# Photos from Interzoo 2010



## brams (Nov 3, 2005)

I dont know if this is under the right subject but....

Here you have some of the eyecandy from the Interzoo exebition.

Enjoy

http://bramstnk.blogspot.com/2010/05/pics-from-interzoo.html


----------



## Seattle_Aquarist (Mar 7, 2008)

Nice pics, did you see anything really new or exciting?


----------



## doubleott05 (Jul 20, 2005)

that was fantastic thanks for posting that


----------



## Brilliant (Jun 25, 2006)

Very impressive. I expect less substrate heaters and a larger showing of led based or energy efficient fixtures.  


Vielen dank für das teilen des photos!


Errr....vi tackas till dela fotona!


----------



## PeterE (Feb 9, 2010)

Tack sa mycket, brams! Jatta bra! (Swedish limit hit, heh) Those are really cool. I need some of that Hygrophila pinnatifida! That is a nice plant!


----------



## Tex Gal (Nov 1, 2007)

PeterE said:


> Tack sa mycket, brams! Jatta bra! (Swedish limit hit, heh) Those are really cool.
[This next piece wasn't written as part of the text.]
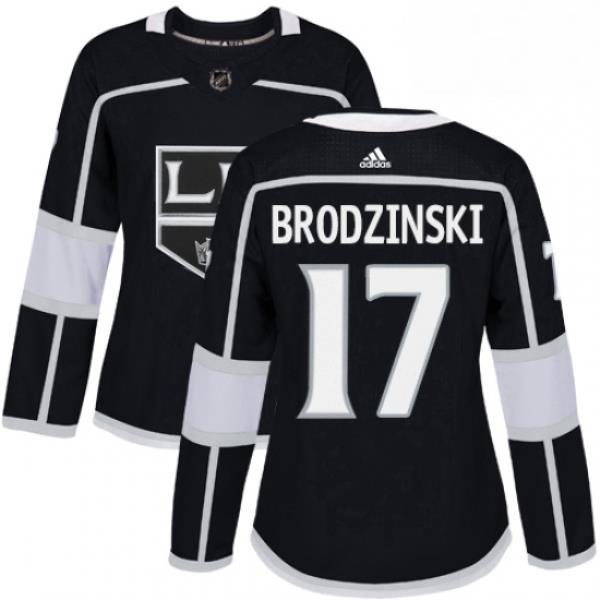 Womens Adidas Los Angeles Kings 17 Jonny Brodzinski Authentic Black Home NHL Jersey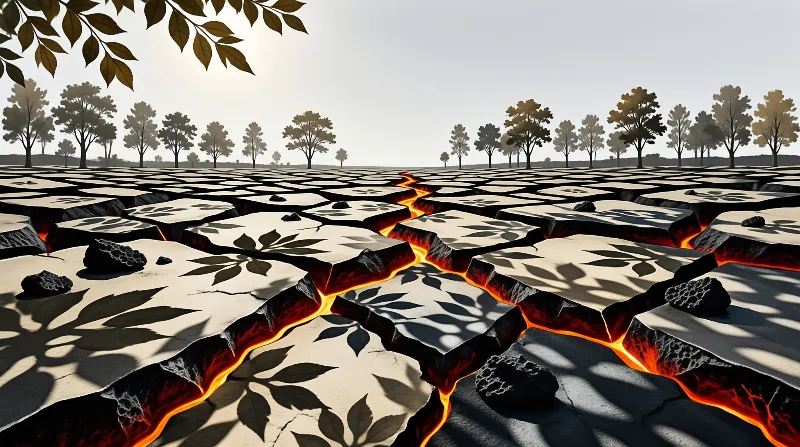 A parched plain splits into polygonal plates edged with molten orange light while leaf shadows stretch across the surface.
I need some of that Hygrophila pinnatifida! That is a nice plant!


I second the motion on the Hygrophila pinnatifida! That's a beautiful plant!


----------



## brams (Nov 3, 2005)

Oh!,
There where a lot of nice things. I think that what i appreciated the most was meeting all the people. To talk to Roland Seah IRL after years on MSN was really nice.

Since i like stuff/gear im really in to co2 equ. and stuff like that. It was funny to see something diferent, like the palundarium in Elos stand and the crab-terrarium in the low wabi-kusa nanos.


Yeah, the Hygrophila is really nice, Oliver told me that it was really easy as well and that it grows as good on rock or wood as in the substrate.


----------



## J.W. (May 19, 2010)

I attended one of these Interzoo back in the late 90's. It was in either Frankfurt or Munchen, Germany...I forget now.
But maaan, it was amazing. Talk about having sore feet after a day at that show, and I didnt even get to see it all.

Thanks for sharing, brams.


----------